Numéro d'arrêt : 305526
Numéro NOR : CETATEXT000018008090 ?
Identifiant URN:LEX : urn:lex;fr;conseil.etat;arret;2007-12-18;305526 ?

Texte :

Vu la requête sommaire et le mémoire complémentaire, enregistrés les 14 mai et 10 août 2007 au secrétariat du contentieux du Conseil d'Etat, présentés pour la SOCIETE CASINO GUICHARD PERRACHON, dont le siège est situé 24, rue de la Montat à Saint-Etienne (42000), représentée par le président de son conseil d'administration, domicilié en cette qualité au siège de la société ; la SOCIETE CASINO GUICHARD PERRACHON demande au Conseil d'Etat :

1°) d'annuler l'ordonnance du 1er mars 2007 par laquelle le président du tribunal administratif de Toulouse a rejeté sa demande tendant à la décharge, à concurrence de la somme de 27 183 euros, de la taxe foncière sur les propriétés bâties à laquelle elle a été assujettie au titre de l'année 2002 à raison d'un immeuble situé 1155, avenue de l'Europe à Montauban (Tarn-et-Garonne) ;

2°) réglant l'affaire au fond, en application des dispositions de l'article L. 821-2 du code de justice administrative, de prononcer la décharge des impositions litigieuses ;

3°) de mettre à la charge de l'Etat la somme de 2 000 euros au titre de l'article L. 761-1 du code de justice administrative ;

Vu les autres pièces du dossier ;

Vu le code général des impôts ;

Vu le code de justice administrative ;

Après avoir entendu en séance publique :

- le rapport de Mme Paquita Morellet-Steiner, Maître des Requêtes,

- les observations de la SCP Nicolaÿ, de Lanouvelle, avocat de la SOCIETE CASINO GUICHARD PERRACHON,

- les conclusions de M. Laurent Olléon, Commissaire du gouvernement ;

Considérant qu'il résulte des pièces du dossier soumis aux juges du fond qu'à la suite d'une opération d'apport partiel d'actif, la SOCIETE CASINO GUICHARD PERRACHON a cédé, au cours de l'année 2000, à la société l'Immobilière Groupe Casino, un immeuble situé 1155, avenue de l'Europe à Montauban ; que la SOCIETE CASINO GUICHARD PERRACHON a été assujettie à la taxe foncière sur les propriétés bâties à raison de cet immeuble au titre de l'année 2002 ; que suite au rejet de sa réclamation tendant à la décharge de cette imposition, la SOCIETE CASINO GUICHARD PERRACHON a saisi le tribunal administratif de Toulouse ; que le président de ce tribunal a rejeté sa demande par une ordonnance du 1er mars 2007 contre laquelle la SOCIETE CASINO GUICHARD PERRACHON se pourvoit régulièrement en cassation ;

Considérant qu'aux termes de l'article 1402 du code général des impôts : « Les mutations cadastrales consécutives aux mutations de propriété sont faites à la diligence des propriétaires intéressés.
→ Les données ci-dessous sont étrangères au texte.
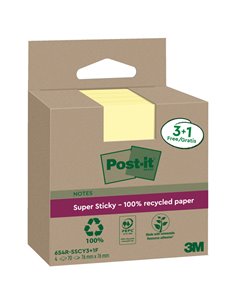 Cf. 3+1pz blocco 70fg Post-it®SuperSticky Green 76x76mm 654R-SSCY3+1 giallo 7100285105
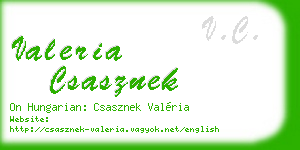 valeria csasznek business card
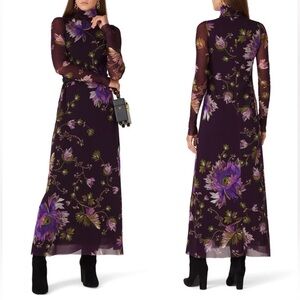 Fuzzi Black and Plum Purple Floral Tulle Dress - XL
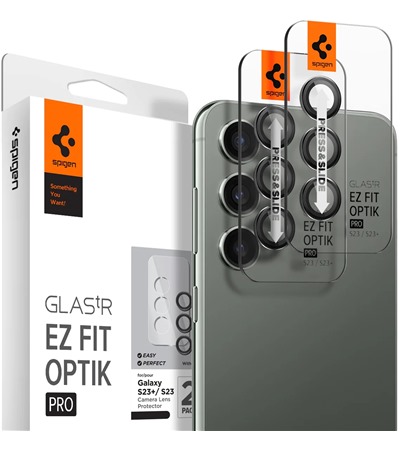 Spigen EZ Fit Optik Pro tvrzen sklo na oky fotoapartu pro Samsung Galaxy S24 / S23 / S23+ 2ks ern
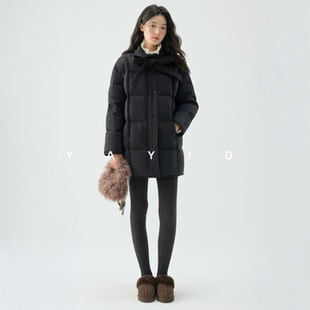 YAYIO【95鹅绒】女性主义立领蝴蝶结中长款显瘦保暖 鹅绒羽绒服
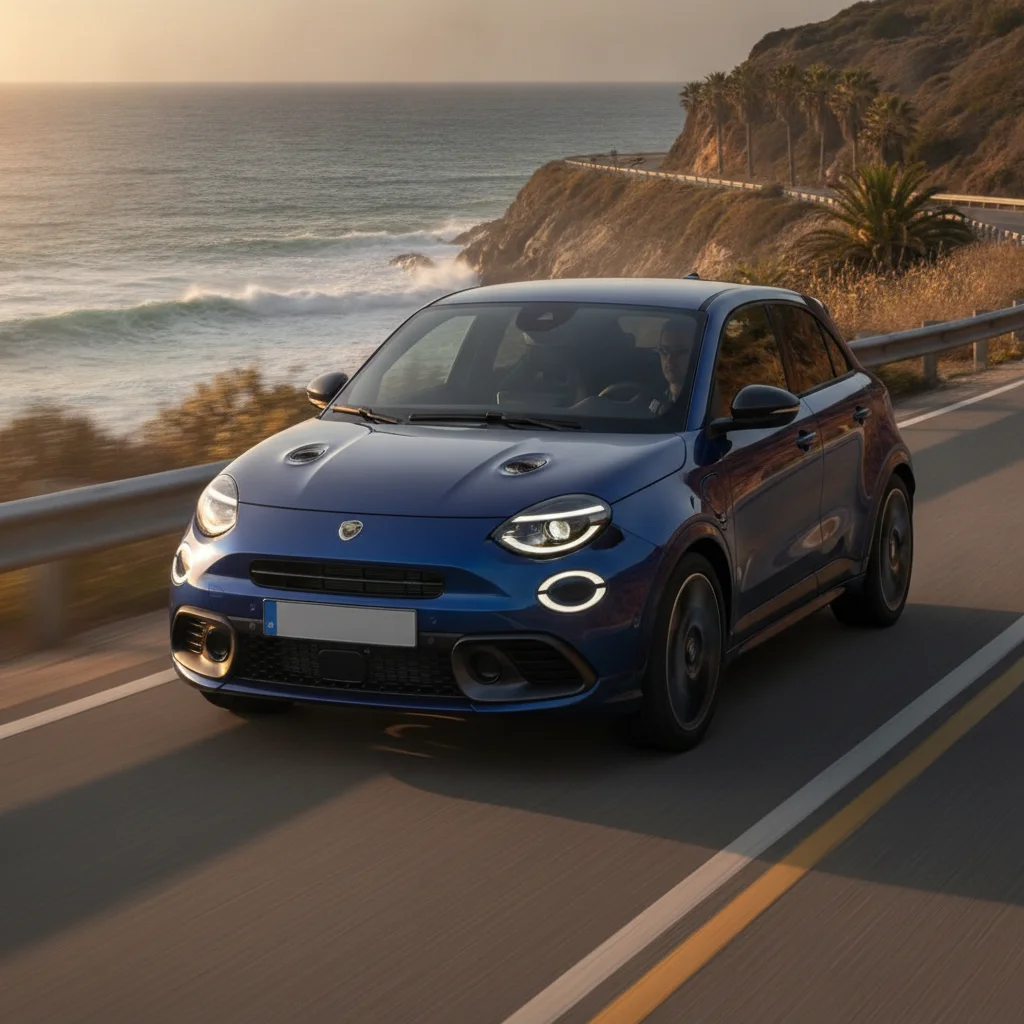 Abarth 600e in Fahrt, jetzt verkaufen bei Aampere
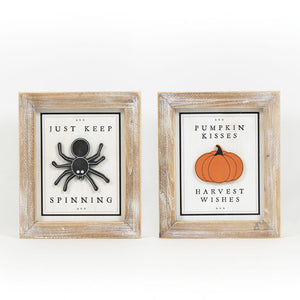 Reversible Wood Framed Sign - Pumpkin Kisses/Just Keep Spinning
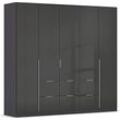 Drehtürenschrank RAUCH "Kleiderschrank Schrank Garderobe AGORDO mit Dekor- oder Hochglanzfront", grau (graumetallic, hochglanz effektgrau), B:226cm H:210cm T:54cm, Holzwerkstoff, Schränke, mit Außenschubkästen, in 6 Breiten und 2 Höhen MADE IN GERMANY, Topseller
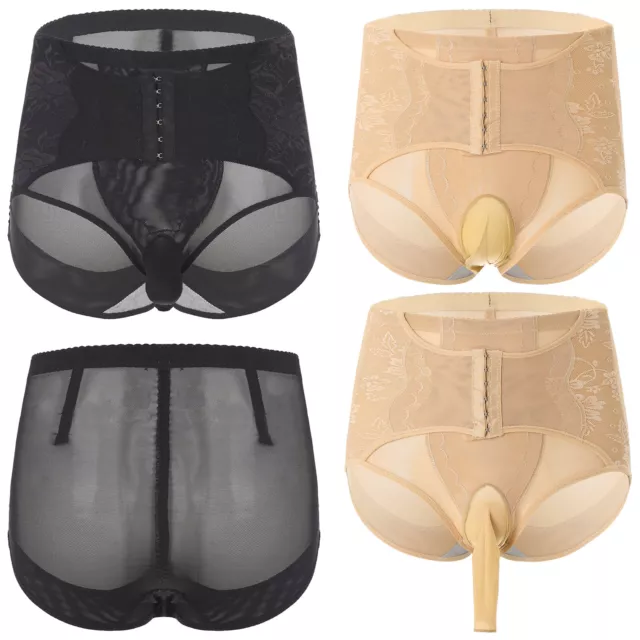 UK Men Underwear Sexy Briefs Mesh Underpants Panties Sissy High Waist Nightwear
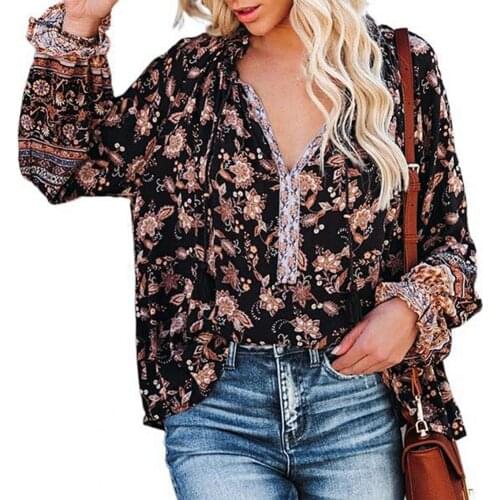 Summer Blouse Women Shirts Elegant Print Fashion Women Floral Printed V Neck Loose Long Sleeve Pullover Shirt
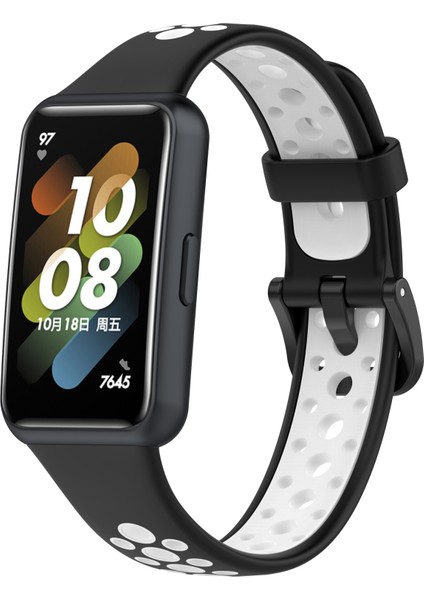 Huawei Bandı 7/7 Nfc Siyah + Beyaz İçin Nefes Alabaş Silikon Saat Bandı (Yurt Dışından)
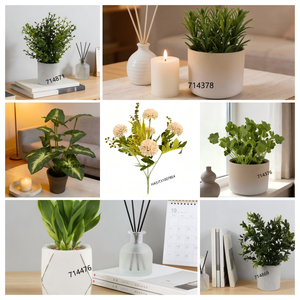 Flor de <span class=keywords><strong>Magnolia</strong></span> Artificial Realista |   Flor Artificial en Maceta de Vidrio con Agua y Rafia para Decoración del Hogar u Oficina - Product Image 5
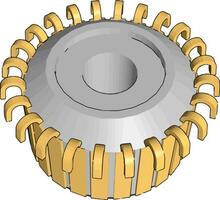 simples vetor ilustração em branco fundo do uma cinzento e amarelo engrenagem roda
Aucune modification à la situation juridique d'un immeuble ne peut faire l'objet d'une mutation si l'acte ou la décision judiciaire constatant cette modification n'a pas été préalablement publié au fichier immobilier » ; qu'aux termes de l'article 1403 de ce code : « Tant que la mutation cadastrale n'a pas été faite, l'ancien propriétaire continue à être imposé au rôle, et lui ou ses héritiers naturels peuvent être contraints au paiement de la taxe foncière, sauf leur recours contre le nouveau propriétaire » ; qu'enfin, aux termes de l'article 1404 du même code : « Lorsque, au titre d'une année, une cotisation de taxe foncière a été établie au nom d'une personne autre que le redevable légal, le dégrèvement de cette cotisation est prononcé à condition que les obligations prévues à l'article 1402 aient été respectées » ; qu'il résulte de ces dispositions que, lorsque, au titre d'une année, une cotisation de taxe foncière a été établie au nom d'une personne autre que le redevable légal, le juge de l'impôt prononce le dégrèvement de cette cotisation si, à la date où il statue, il constate que la formalité de publication au fichier immobilier de l'acte ou de la décision constatant le transfert de propriété a été accomplie, alors même qu'elle ne l'aurait été qu'après l'établissement de l'impôt ;

Considérant que, dès lors, en rejetant la demande présentée par la SOCIETE CASINO GUICHARD PERRACHON tendant à la décharge, à concurrence de 27 183 euros, de la cotisation de taxe foncière sur les propriétés bâties à laquelle elle a été assujettie au titre de l'année 2002, à raison de l'immeuble en cause, au motif qu'aucun acte translatif de propriété de cet immeuble n'avait été, au 1er janvier de l'année d'imposition, publié au fichier immobilier de la conservation des hypothèques de Montauban, sans rechercher s'il en était de même à la date à laquelle il statuait, le président du tribunal administratif de Toulouse a méconnu les dispositions précitées du code général des impôts ;

Sur les conclusions tendant à l'application des dispositions de l'article L. 761-1 du code de justice administrative :

Considérant que, dans les circonstances de l'espèce, il y a lieu, en application de ces dispositions, de mettre à la charge de l'Etat une somme de 1 500 euros au titre des frais exposés dans l'instance par la SOCIETE CASINO GUICHARD PERRACHON et non compris dans les dépens ;

D E C I D E :

--------------

Article 1er : L'ordonnance en date du 1er mars 2007 du président du tribunal administratif de Toulouse est annulée.

Article 2 : L'affaire est renvoyée devant le tribunal administratif de Toulouse.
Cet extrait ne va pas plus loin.